In such a situation would the Admin be any more likely (or, indeed "less likely") to know that backups are not happening because of CHECKDB detection than because of not making the backup at all?

If there is any reporting of the error (which of course there should be) then that is enough to act on it. I don't think stopping backups, when the corruption may go from and to worse, is a safe strategy - nor any more likely to be the catalyst for action.

If the DB is in Full Recovery, and the TLog backups are clean, then there is the ability to have a zero-data-loss restore. If not then there as I see it there are three choices:

Restore from last-clean-backup, and repeat the work since.
Restore from the most recent corrupted backup with tolerable damage
Carry on - i.e. the damage-repair of current database is tolerable.

I'm not planning on ever being in the situation of having to make any of those choices, but if push came to shove I would like to have option 2 as well.

I agree.

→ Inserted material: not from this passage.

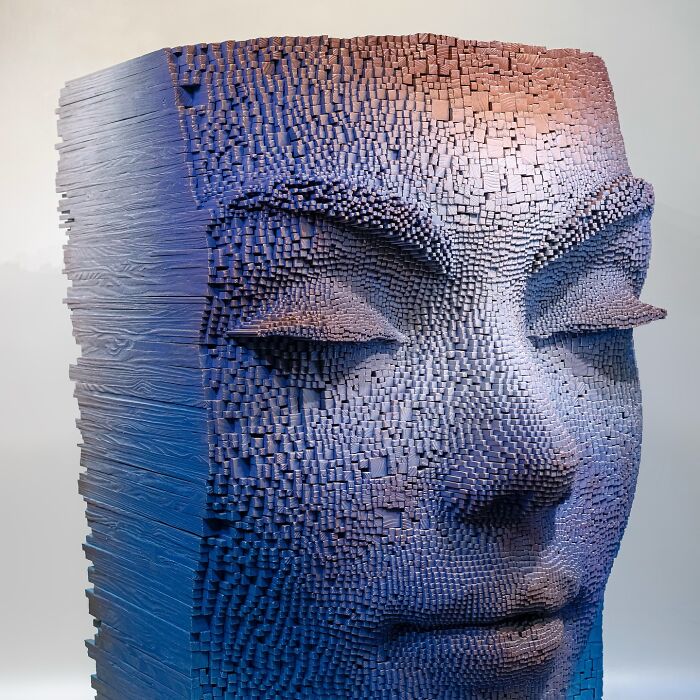 Wooden sticks sculpted into a hypnotic 3D face with intricate textured details and a gradient blue to purple finish.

Yet we get a fair number of questions on this forum along the lines of "I have to repair my database" - usually the backups are non-existent (why? ) or too far out of date (Why x2?)

Thanks, I didn't know that. (My databases have probably all migrated from pre-2005, although I will have run DATA_PURITY at the point of migration)

I should have said that I was assuming that the error would be noticed. I still take the view that if errors are not being noticed then it is not likely that the absence of a backup file will be noticed either!

My biggest worry always is whether anything that can go wrong will adequately announce the fact. Over the years we have "improved" such notifications, and each time I have thanked my lucky stars that we hadn't had a breakdown that would have fallen through that crack.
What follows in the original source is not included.